- **WHAT THE TASK REQUIRES**: Using the listing below, retype only the lines from the line with "Dogwood Tree, Cherokee" through the end, both ends included, and exclude the pictures.

- **COLLECTED DATA**:
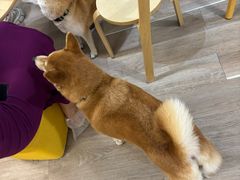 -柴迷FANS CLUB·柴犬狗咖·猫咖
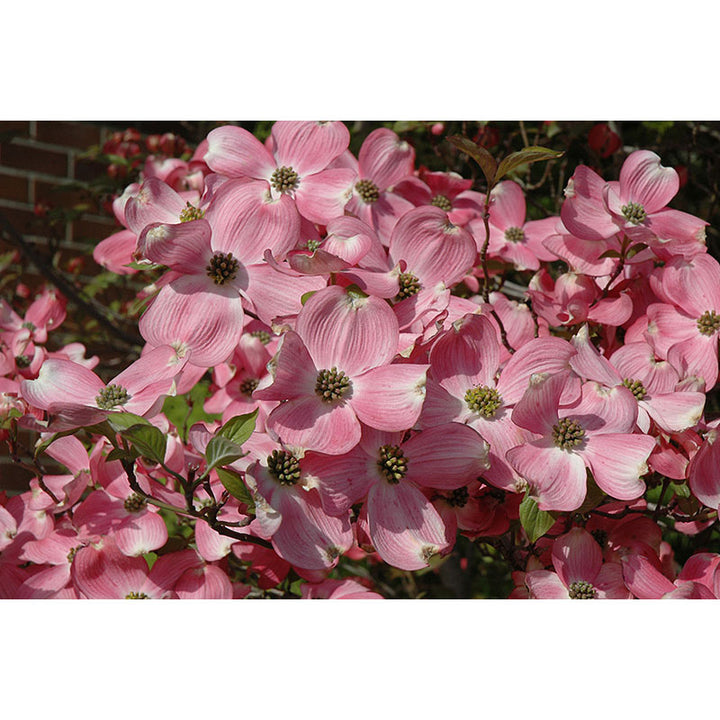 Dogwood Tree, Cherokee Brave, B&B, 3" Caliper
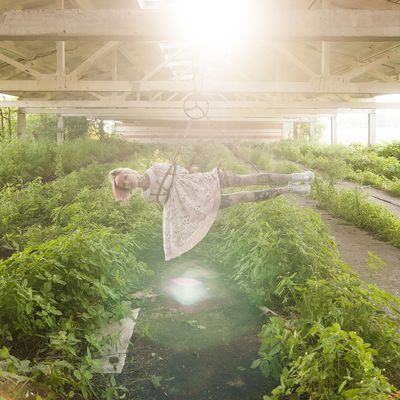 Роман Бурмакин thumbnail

- **ANSWER TO THIS PROBLEM**:
 Dogwood Tree, Cherokee Brave, B&B, 3" Caliper
 Роман Бурмакин thumbnail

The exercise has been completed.